You wouldn’t believe now the impact of the activities of WISE Newfoundland have had on the acceptance of women in engineering. We trained females from high-school — from Grade 11. We brought them in a work term, about 50-60 females to the university and (showed them) around different departments to at least look at the different science areas there. Now over 20 per cent of engineering students are female at Memorial University. Some of them are really successful too, at the top of their class and winning awards. They were already successful in high school in science and math and physics, but they would never consider this as one of their options.

CC: If one of the young women studying in those programs today had an idea for a business of their own, what kind of advice would you offer them?

ME: They need some experience first. I advise not to start right away. I mean, some maybe are capable and start something before getting any experience in any company. I think if they have the talent, it’s better to work in a company first — see the environment, how things are operating. Get involved in the company on the management activities. Get to know about other things, not just the area you are working on.

CC: Knowing what you know now, would you recommend they go for their MBA as well?

ME: I think it is useful, but sometimes if you’re busy maybe you can do special courses, and select the practical ones related to the business. You don’t have to have the full MBA, but of course if you have the chance to do it, I think it would be good.

We didn’t have this kind of exposure when we were young in high school, or even in university, to understand business and how to run a business. But now most of the education is being changed. The curriculum is being improved and I think the new generation will be able to start their business ahead of the time it took our generation.

CC: What are you doing to grow Coretec this year?
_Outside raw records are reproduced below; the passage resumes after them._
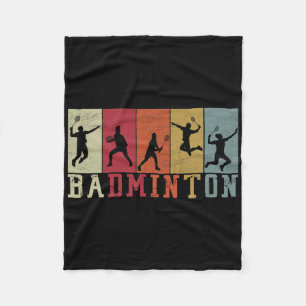 Retro Badminton Player Silhouettes - Badminton  Fleece Blanket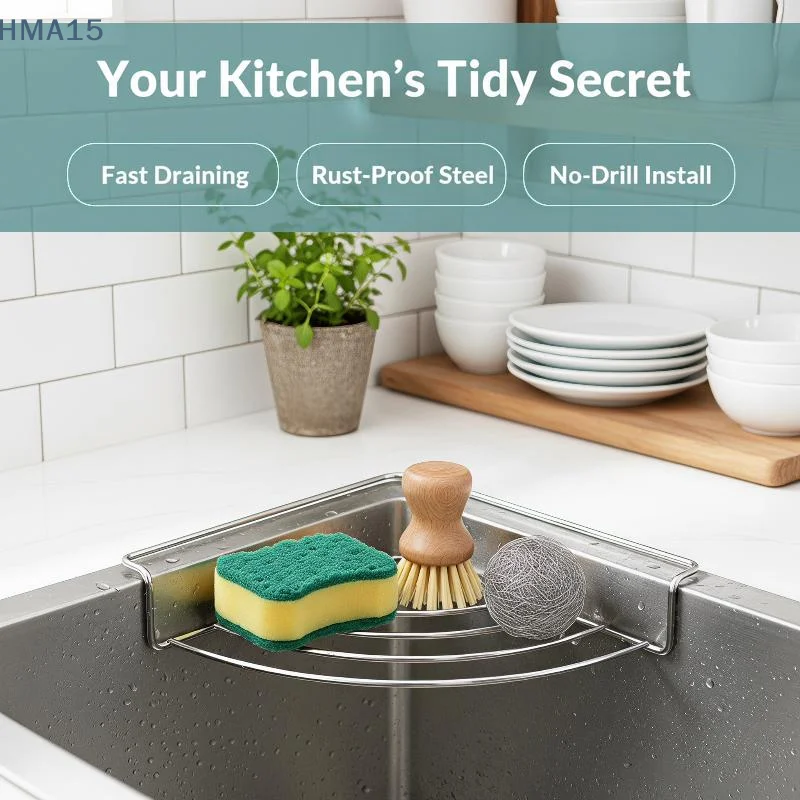 【YA】Stainless Steel Sink Corner Storage Rack Self-draining Punch-free Stand for Dishcloth Sponge Kitchen Sink Accessory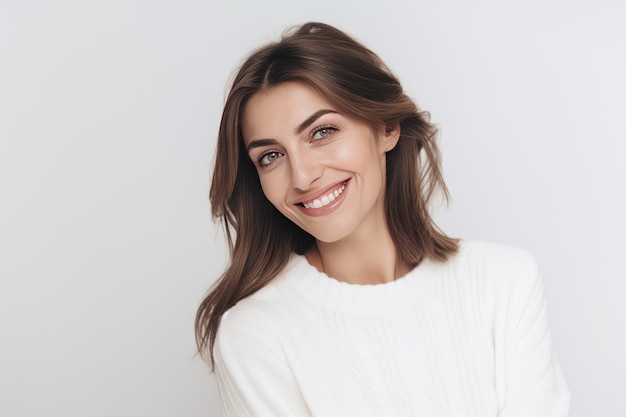 Woman smiling in a white sweater on a white background Generative AI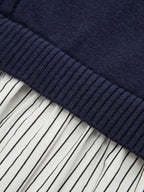 Cable-Knit and Striped Panel Midi Dress Combo
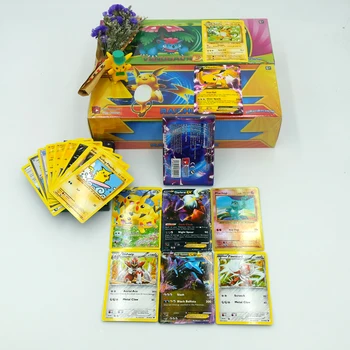 2017 New 17pcs/lot Pikachu Cards Playing Toys English Anime Cards EX Trading Collection Games Figures Carte Toys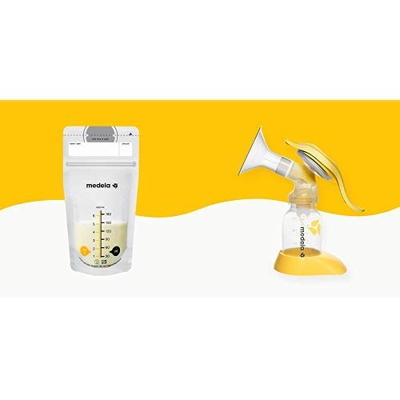 MEDELA Sacche Latte, 50 Pezzi + Tiralatte Manuale Singolo Harmony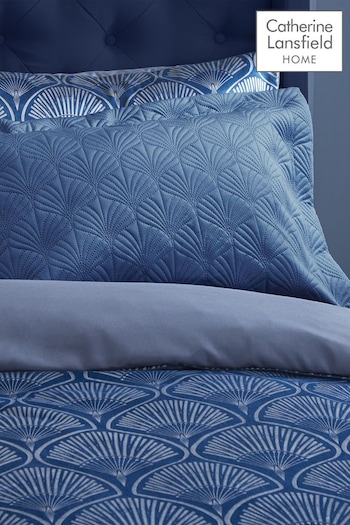 Catherine Lansfield Set of 2 Blue Art Deco Pearl Pillowcases (D42135) | £20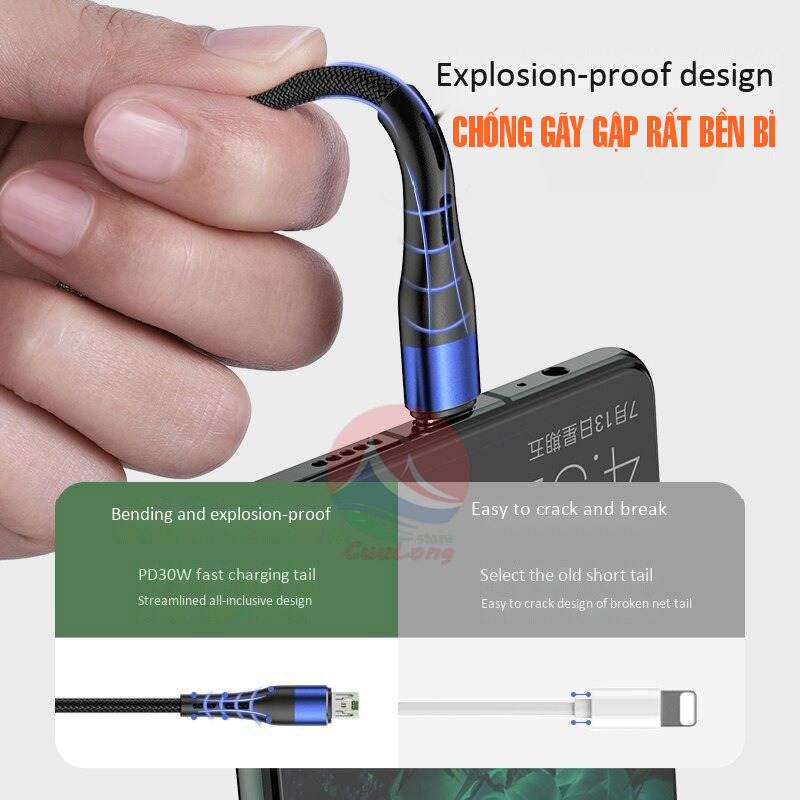 Cáp Sạc Tự Ngắt Hẹn Giờ 10h Thông Minh Chống Chai Pin Điện Thoại Màn Hình Led Điện Áp CuuLongstore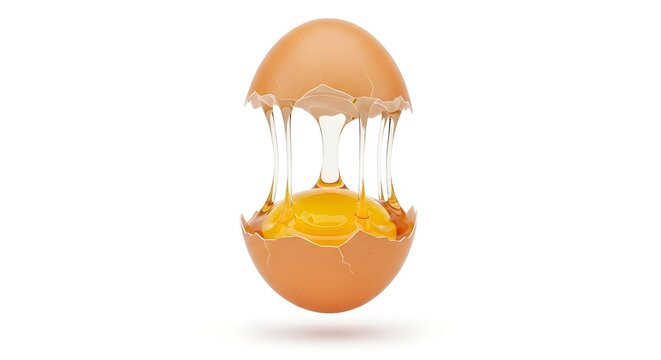 Cracked brown egg shows viscous yolk and white on a light surface for food posters.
ME: Right now we are forming a full board of directors. We’ve had an advisory board over the last couple of years, but now it’s a full board, and we’re looking for financing to get our technology distributed all over the world. We’re doing a lot of alliances, we’re planning to license the software to some larger manufacturers to make sure the technology is getting to the market quickly. Hopefully we’ll be worth millions and millions of dollars in the next few years (laughs). We hope — according to the marketing plan — to reach at least $100 million over the next three years from sales of our navigation aid system.